Extracted records
━━━━━━━━━━━━━━━━━━━━━━━━━━━━━━

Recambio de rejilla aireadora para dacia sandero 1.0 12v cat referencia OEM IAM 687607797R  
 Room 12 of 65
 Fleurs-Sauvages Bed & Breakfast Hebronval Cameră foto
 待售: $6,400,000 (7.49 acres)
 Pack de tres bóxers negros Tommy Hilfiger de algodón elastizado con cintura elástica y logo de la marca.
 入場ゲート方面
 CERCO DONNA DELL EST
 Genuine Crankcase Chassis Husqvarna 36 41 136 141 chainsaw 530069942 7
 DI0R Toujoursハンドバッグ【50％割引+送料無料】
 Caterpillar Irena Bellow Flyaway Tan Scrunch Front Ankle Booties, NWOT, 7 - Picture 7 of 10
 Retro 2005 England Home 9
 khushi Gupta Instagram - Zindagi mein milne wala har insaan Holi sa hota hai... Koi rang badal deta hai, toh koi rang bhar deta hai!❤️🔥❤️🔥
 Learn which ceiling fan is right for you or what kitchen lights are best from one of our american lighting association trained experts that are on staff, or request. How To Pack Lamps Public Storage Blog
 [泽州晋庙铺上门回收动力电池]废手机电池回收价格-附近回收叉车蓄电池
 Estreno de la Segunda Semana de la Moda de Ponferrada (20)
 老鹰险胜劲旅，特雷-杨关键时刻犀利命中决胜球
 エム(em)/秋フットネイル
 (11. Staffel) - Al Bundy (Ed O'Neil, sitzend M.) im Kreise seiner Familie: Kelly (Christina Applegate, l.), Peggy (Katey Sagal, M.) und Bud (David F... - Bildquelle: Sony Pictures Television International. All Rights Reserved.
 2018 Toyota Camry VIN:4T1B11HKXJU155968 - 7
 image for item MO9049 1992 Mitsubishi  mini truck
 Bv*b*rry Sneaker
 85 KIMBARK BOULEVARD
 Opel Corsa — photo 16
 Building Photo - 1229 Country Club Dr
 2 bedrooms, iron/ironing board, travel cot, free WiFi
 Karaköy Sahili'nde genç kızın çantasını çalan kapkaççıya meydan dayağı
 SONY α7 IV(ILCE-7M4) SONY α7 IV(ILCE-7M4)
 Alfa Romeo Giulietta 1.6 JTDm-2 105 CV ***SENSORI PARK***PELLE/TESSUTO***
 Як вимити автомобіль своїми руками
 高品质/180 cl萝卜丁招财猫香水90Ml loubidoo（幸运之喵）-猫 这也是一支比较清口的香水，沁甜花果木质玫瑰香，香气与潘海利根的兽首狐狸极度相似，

━━━━━━━━━━━━━━━━━━━━━━━━━━━━━━

Nothing but the lines from the one holding "Estreno de la" through the last line of the data may be output, and each must match exactly.

• _Written solution_:
 Estreno de la Segunda Semana de la Moda de Ponferrada (20)
 老鹰险胜劲旅，特雷-杨关键时刻犀利命中决胜球
 エム(em)/秋フットネイル
 (11. Staffel) - Al Bundy (Ed O'Neil, sitzend M.) im Kreise seiner Familie: Kelly (Christina Applegate, l.), Peggy (Katey Sagal, M.) und Bud (David F... - Bildquelle: Sony Pictures Television International. All Rights Reserved.
 2018 Toyota Camry VIN:4T1B11HKXJU155968 - 7
 image for item MO9049 1992 Mitsubishi  mini truck
 Bv*b*rry Sneaker
 85 KIMBARK BOULEVARD
 Opel Corsa — photo 16
 Building Photo - 1229 Country Club Dr
 2 bedrooms, iron/ironing board, travel cot, free WiFi
 Karaköy Sahili'nde genç kızın çantasını çalan kapkaççıya meydan dayağı
 SONY α7 IV(ILCE-7M4) SONY α7 IV(ILCE-7M4)
 Alfa Romeo Giulietta 1.6 JTDm-2 105 CV ***SENSORI PARK***PELLE/TESSUTO***
 Як вимити автомобіль своїми руками
 高品质/180 cl萝卜丁招财猫香水90Ml loubidoo（幸运之喵）-猫 这也是一支比较清口的香水，沁甜花果木质玫瑰香，香气与潘海利根的兽首狐狸极度相似，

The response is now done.